Cosa c’è da cambiare se non la condizione individuale e collettiva di schiavo? Si invoca e si rivendica quindi la libertà: la libertà di essere e di esistere perché l’attuale esistenza nega tale condizione. Da qui l’esigenza di abbattere ciò che impedisce l’essere liberi. Nel corso della storia l’uomo insorge contro l’ingiustizia rivendicando la sua umanità e promuovendo il sentimento della solidarietà verso i suoi simili. La filosofia della Rivolta è un modo per scardinare i limiti di questa storia, una battaglia esistenzialista che non può essere condotta dal singolo ma deve essere collettiva per poter approdare a una nuova e più avanzata riarticolazione della propria esistenza.

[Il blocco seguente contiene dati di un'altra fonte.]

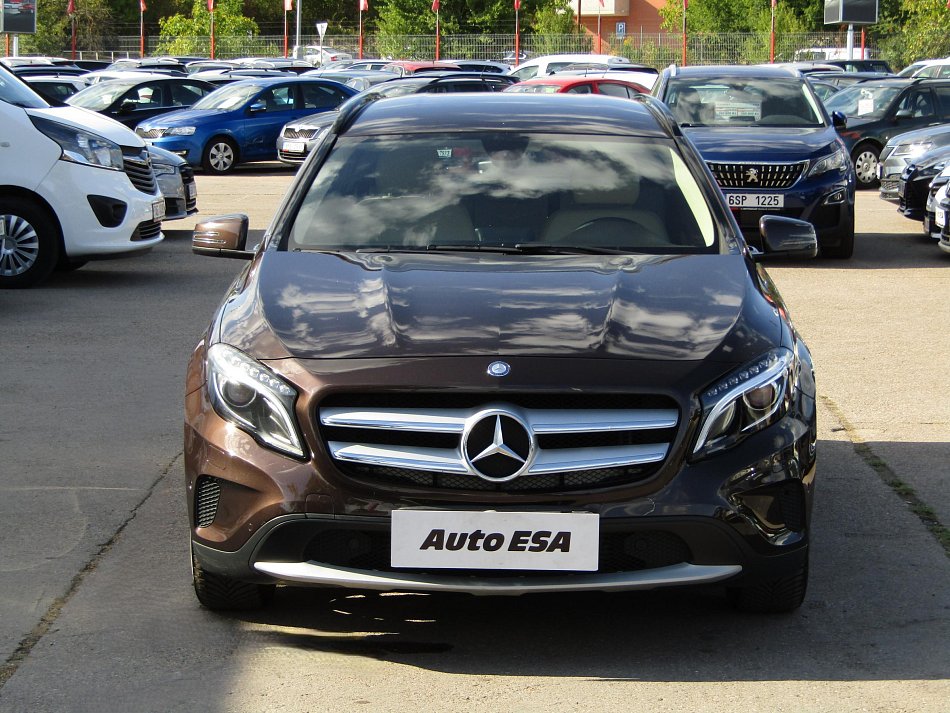 Mercedes-Benz GLA 1.6 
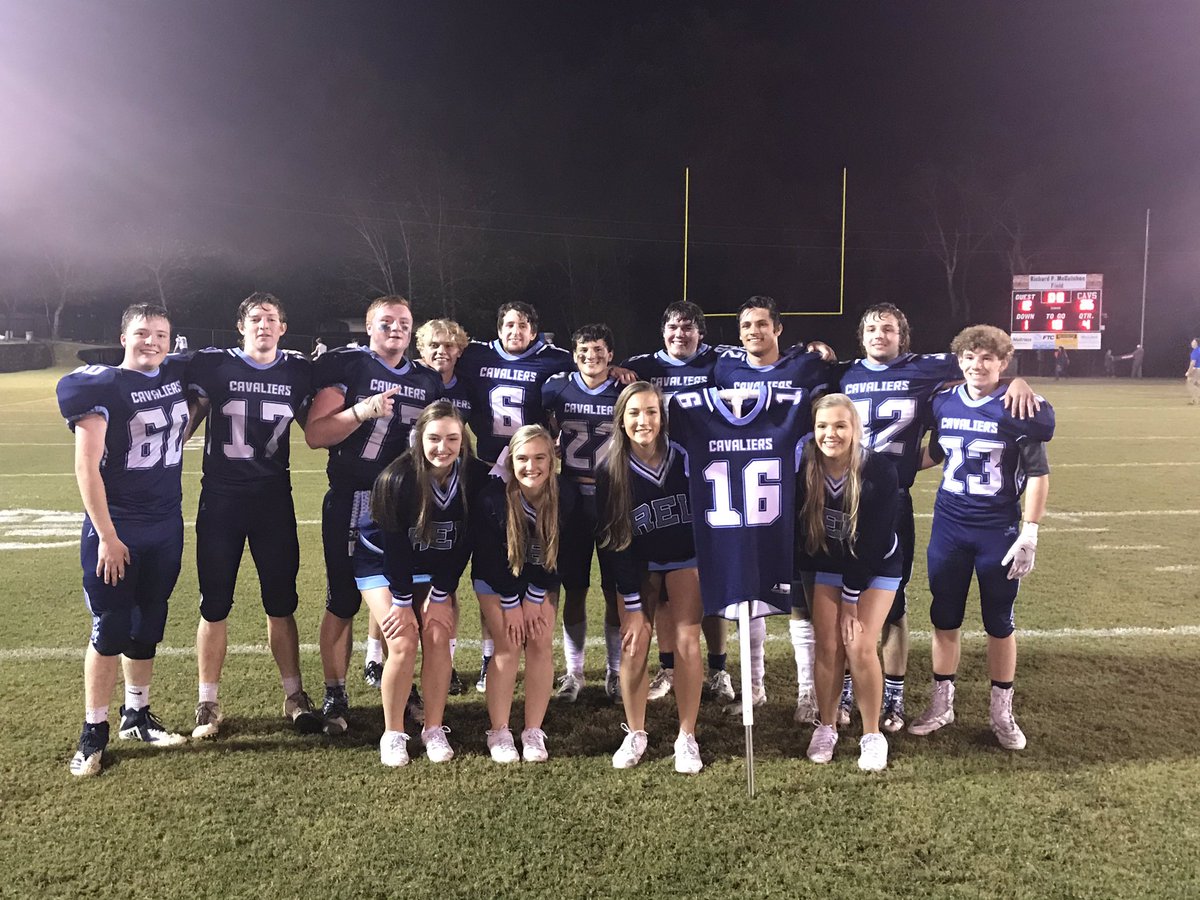 Steph_McCullum's tweet photo. Last game for these Seniors at McCutchen Field....but smiling because they are headed to Championship game!! Go CAVS! #LeeAcademy #TogetherWeCav https://t.co/HKjh5oqQTv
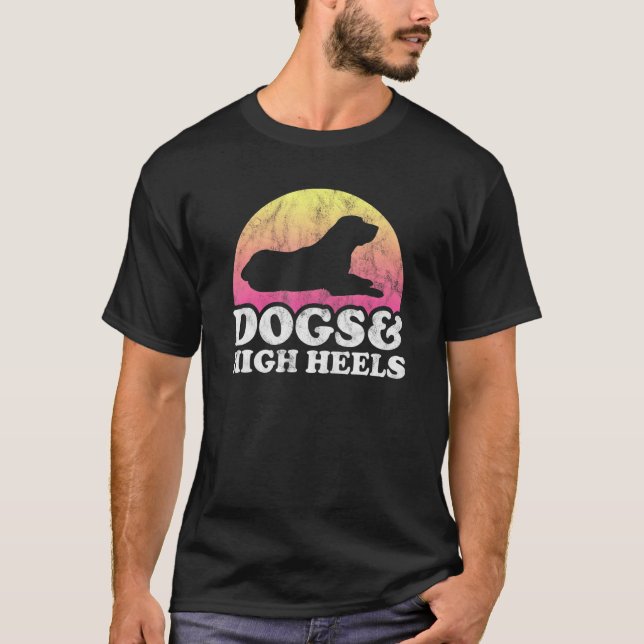T-shirt Chiens Et Talons Élevés Chien Homme Ou Femme (Devant)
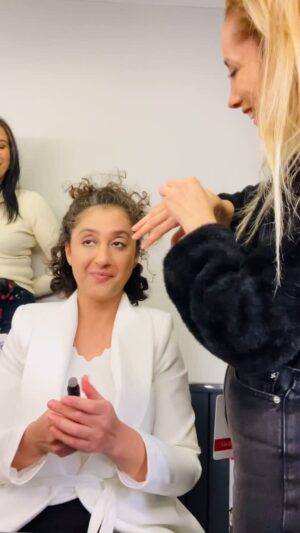 Ecem Erkek Instagram - Ağzımdaki sakıza o kadar gıcık oldum ki kendi ağzıma yapıştırdım şimdi . Hakettim çünkü. Neyse bizim makyaj odası muhabbetleri bu şekil . Kakara kikiri :) goygoy :) Seda’nın dahiyene fikirleri geceye damgasını nasıl vuruyor oynat bakalım 🤣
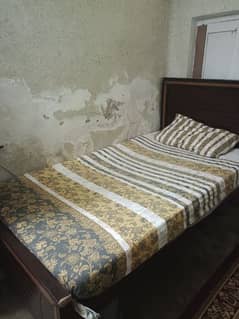 4 bed 2 with new mattress for sale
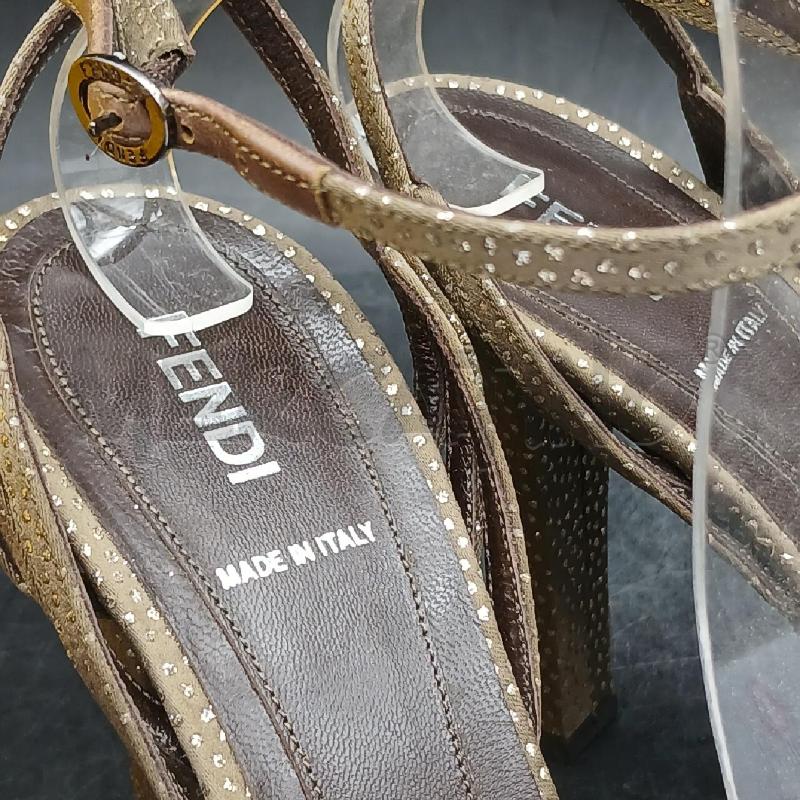 SANDALI D FENDI VERDE DET  | Mercatino dell'Usato Roma garbatella 5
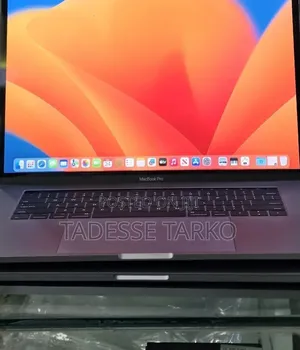 New Laptop Apple MacBook Pro 2017 16GB Intel Core i7 SSD 512GB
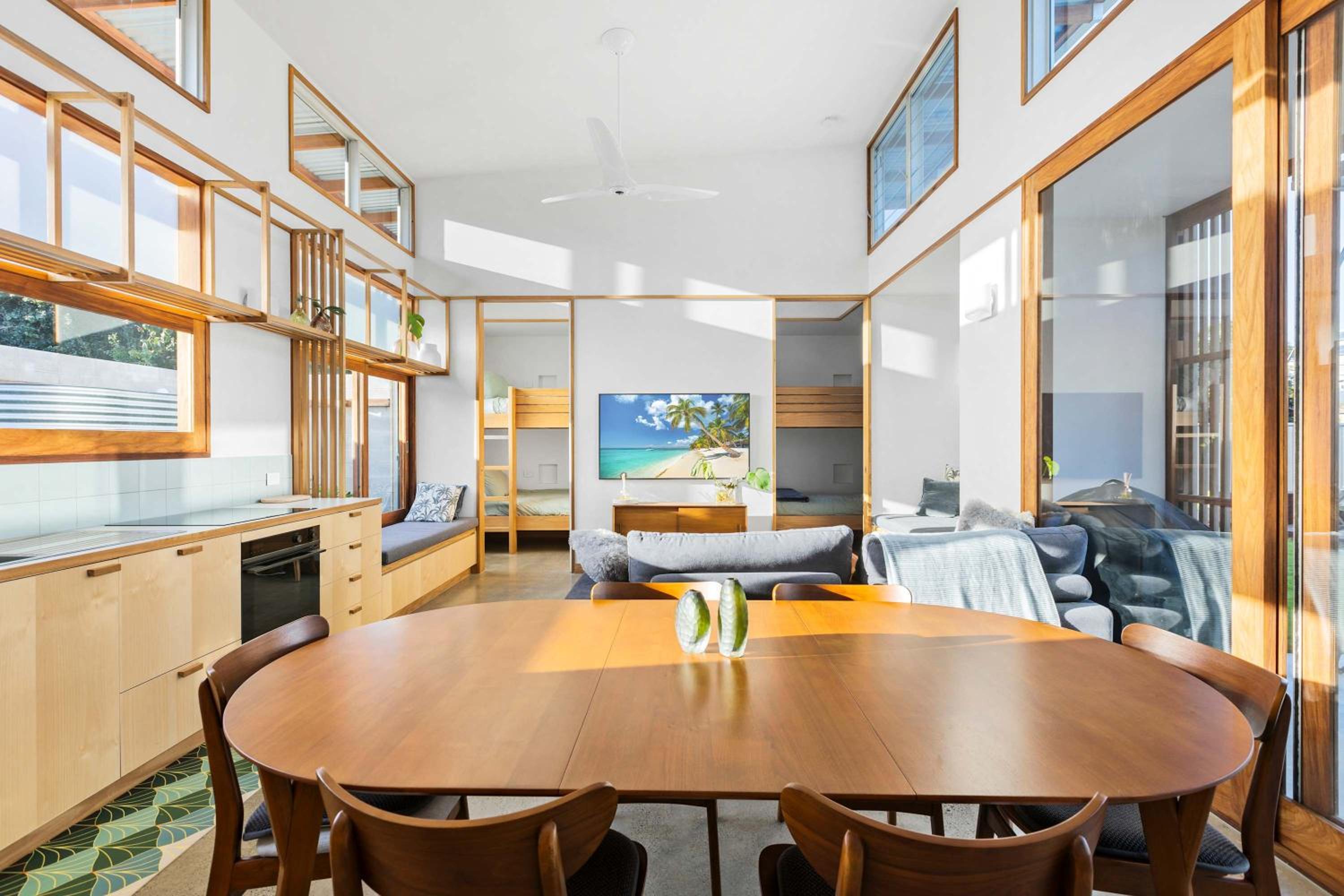 Serene Escape in Moffat Beach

Abbiamo deciso di pubblicare parte di questo articolo dal titolo La filosofia della rivolta, firmato da Massimo Mari, apparso su Articolo 33 nel 2018 perché lo troviamo di grande attualità. Al termine dello sciopero generale CGIL e UIL dello scorso 29 novembre, uno sciopero proclamato per chiedere di cambiare la manovra di bilancio 2025, considerata del tutto inadeguata a risolvere i problemi del Paese, e che andrebbe solo a penalizzare ulteriormente lavoratori, pensionati e famiglie, il segretario generale della CGIL Maurizio Landini ha invitato i cittadini alla rivolta sociale, salvo poi doversi difendere dalle molte polemiche e dalle accuse di “dichiarazioni eversive”.
«Non ho mai parlato di violenza – ha dovuto chiarire Landini nei giorni seguenti - ma ognuno di noi deve ribellarsi di fronte alle ingiustizie, non si ci può voltare dall’altra parte. Il richiamo alla rivolta per sé stessi e per gli altri fa parte della responsabilità umana, perché uno da solo non va da nessuna parte. Insieme si possono cambiare le cose. Rivolta è maggiore partecipazione, rivolta è libertà».
Proprio la libertà di cui parla Albert Camus in quel saggio dimenticato che citiamo nell’articolo. Un’opera particolare e in controtendenza all’epoca (era il 1951) e che segnò la rottura definitiva dell’autore con Sartre, dando origine a infinite polemiche che divisero l'avanguardia intellettuale francese ma non riuscirono a pregiudicare la validità di una lezione di coraggio, generosità e moralità che rimane attualissima, come vediamo, ancora oggi.